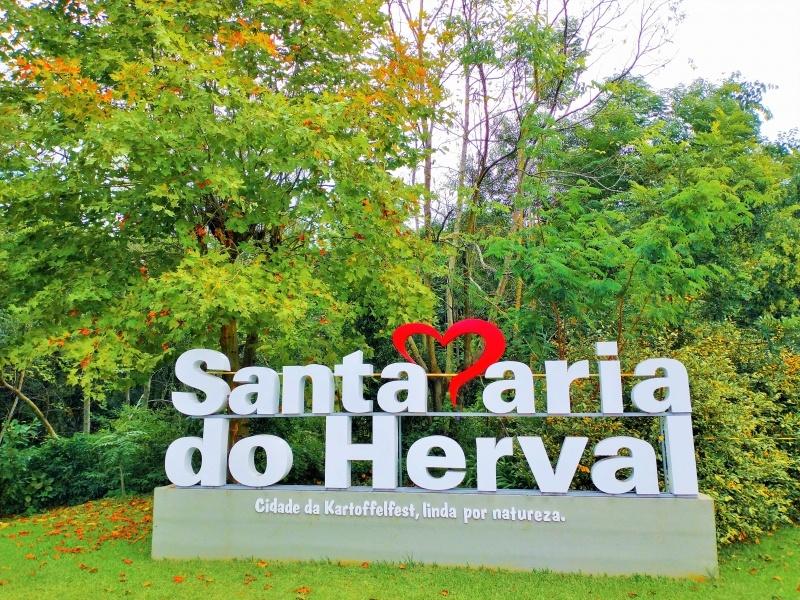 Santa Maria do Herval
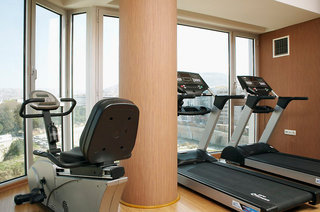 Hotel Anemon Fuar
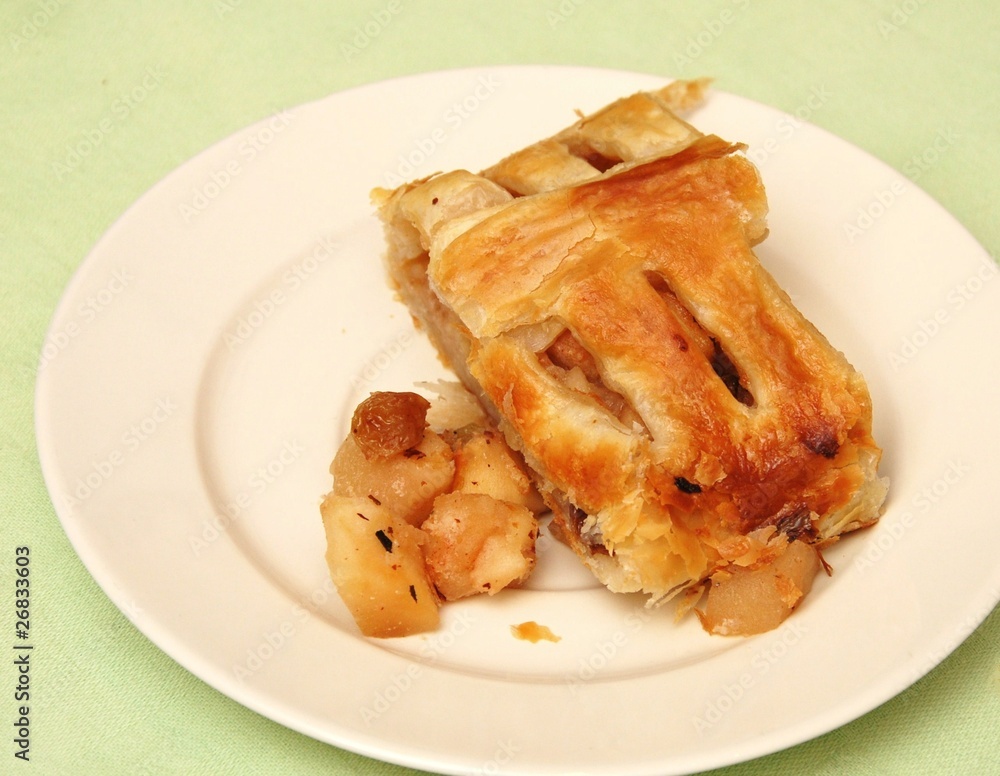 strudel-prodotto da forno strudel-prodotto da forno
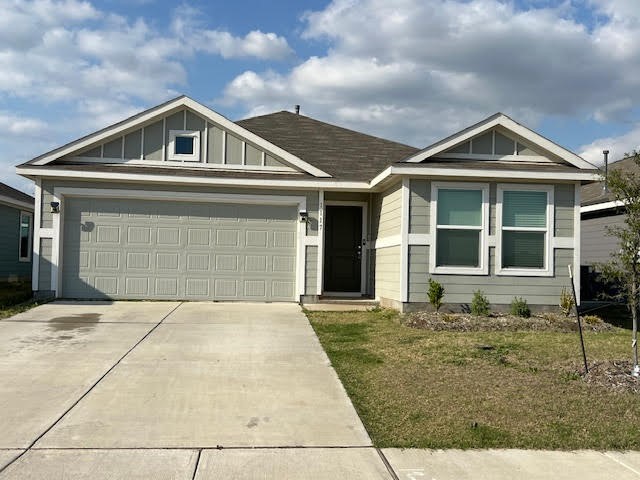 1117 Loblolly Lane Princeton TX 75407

────────────────────────────────────────

- _YOUR GOAL_
What you write should match, word for word, the lines from the one containing "strudel-prodotto da forno strudel-prodotto" to the end of the listing, with both ends kept and the pictures left out.

- _COMPLETED EXERCISE_
 strudel-prodotto da forno strudel-prodotto da forno
 1117 Loblolly Lane Princeton TX 75407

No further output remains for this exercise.